If you're used to thinking of your youngest kid as your "baby" (no matter her age), you're not alone. But research is now proving that you probably also tend to think of that "baby" as smaller than the rest of your kids, too. And while, yes, this may be true during several years of childhood—when that youngest kid really is a baby—even when she catches up to her older siblings in size, a mom's perception apparently never changes.
Scientists are calling this the "baby illusion." But don't worry; it can be totally shattered—as soon as you have another baby.
In a study published Monday in the journal Current Biology, researchers surveyed 747 moms and found that over 70 percent noted their first kid suddenly seemed larger and older as soon as their second baby arrived.
"Contrary to what many may think, this isn't happening just because the older child looks so big compared to a baby," said Jordy Kaufman, a researcher at the Swinburne University of Technology in Australia. "It actually happens because all along, the parents were under an illusion that their first child was smaller than he or she really was. When the new baby is born, the spell is broken, and parents now see their older child as he or she really is."
Not really buying all this spells and illusion stuff?
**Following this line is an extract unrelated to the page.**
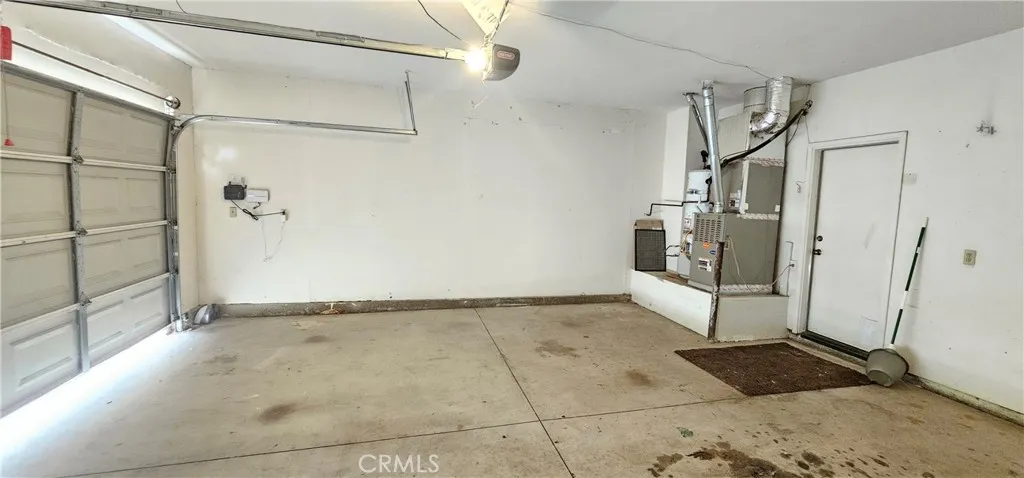 Additional image 30 of 7219 Seville Ave, Highland, CA 92346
To further prove their theory, Kaufman and fellow researchers asked moms to estimate their kid's height by way of marking a blank wall. They then brought in the kids themselves and compared Mom's markings against the actual heights of each kid. Turns out mom was spot-on when it came to guessing her oldest child's size; but she consistently misjudged the size of her youngest (or only) child. In fact, youngest children were perceived as 3 inches shorter than they actually were.
So what does it all mean? Researchers suggest that when parents view their kids as smaller and more vulnerable, they tend to focus on them more and pour more resources into their education. "The key implication is that we may treat our youngest children as if they are actually younger than they really are," Kaufman said. "In other words, our research potentially explains why the 'baby of the family' never outgrows that label. To the parents, the baby of the family may always be 'the baby.'"
Do you think you view your youngest as smaller than the others?